What are the benefits of ‘fibermaxxing’?
It turns out that our fiber intake can have a knock-on effect on many aspects of our health.
Angie Kalousek Ebrahimi, senior director of lifestyle medicine at Blue Shield of California, says, “Fiber sources in your diet are the ‘prebiotics’ or the primary fuel source for gut bacteria that feed the gut microbiome and drive production of short chain fatty acids.
“These short chain fatty acids are linked to colon health, metabolic regulation and inflammation.”
Angie says increased fiber intake, and an increase in the short chain fatty acids they help produce, can lead to “improved digestion, reduced LDL cholesterol, increased satiety, reduction of blood sugar and cortisol spikes, and reduction of brain fog.”

How to start fibermaxxing safely
“The best way to safely increase fiber intake is to make gradual increases vs. a dramatic increase over a short period of time,” says Angie.
“Focus on slowly incorporating a variety of fiber sources by incorporating a range of fruits and vegetables as well as legumes and whole grains, and this way you’ll be sure to get a mix of both soluble and insoluble fiber.”
As a colorectal surgeon, Dr Fong is also concerned about the impact that a sudden change in fiber intake can have on the digestive system.
“To go from eating chicken nuggets every day to three kale salads a day will make anyone bloated and ill, and they will abandon their fiber supplementation altogether,” she warns.

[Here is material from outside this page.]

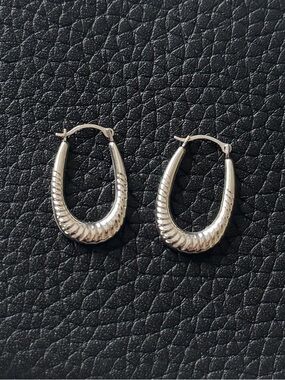 10K Oval Hoop earrings
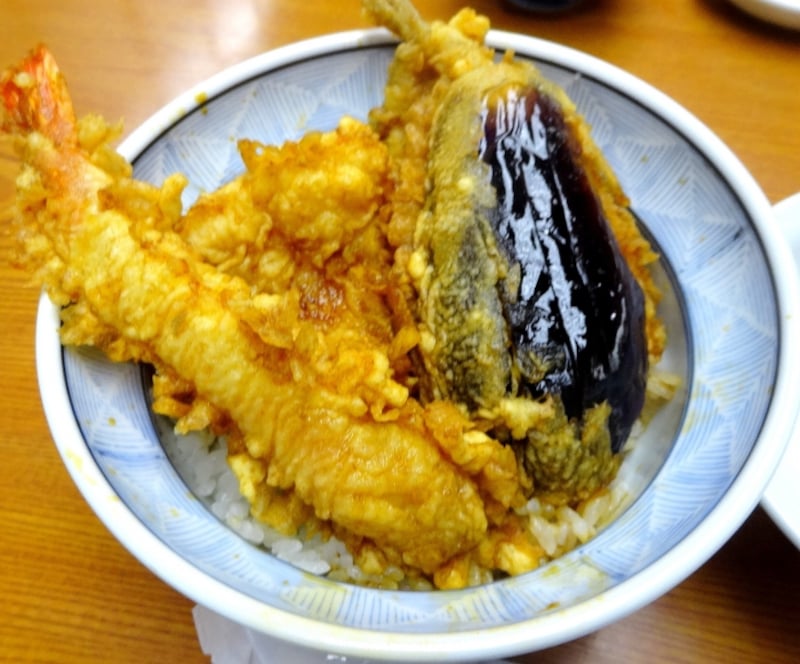 実にオーソドックスなビジュアルだ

Dr Fong recommends starting with an increase of just 5-10g fiber a day, and gradually upping your intake by the same amount every 1-2 weeks (as tolerated).
If you’re struggling to find enough fiber in your day-to-day diet, you can try supplements – for example, psyllium husk is a great source of fiber. You can also try magnesium to aid digestion, or consider a probiotic to help diversify your gut microbiome.
It’s also important to stay well hydrated when you increase fiber, Dr Fong stresses, as “Fiber without water ‘turns into concrete’ in the colon.” She recommends 2-3 liters of water a day to avoid bloating, discomfort, and constipation.

Best high fiber foods for women
Aside from supplements, there are many easy-to-cook ingredients you can add to meals to increase your fiber intake and get you closer to your 30g recommended daily intake.
Many of these ingredients can be ‘hidden’ in things like soups, salads, smoothies, or even sweet treats, to give maximum benefits with minimal effort or discomfort.
According to the USDA National Nutrient Database for Standard Reference, the following foods can give you a great fiber boost:
- Lentils, boiled – 15.5g of fiber per cup (198g)
- Green peas – 9g of fiber per cup (160g)
- Quinoa – 5g of fiber per cup (185g)
- Raspberries – 8g of fiber per cup (123g)
- Broccoli, boiled – 5g of fiber per cup (156g)
- Split peas, boiled – 16g of fiber per cup (196g)
- Chia seeds – 10g of fiber per ounce (28.35g)
Remember to go slow when adding fiber into your diet, and if any negative symptoms occur (such as bloating or constipation), go back down to a lower amount and stick there for while longer before trying to up your intake again.
Dr Carmen Fong is a double board-certified colorectal surgeon and chief medical officer at Bummed, the digital health platform for treating anorectal conditions. Her book Constipation Nation is available now.
Angie Kalousek Ebrahimi is the Senior Director of Lifestyle Medicine and Certified Nutritionist at Blue Shield of California.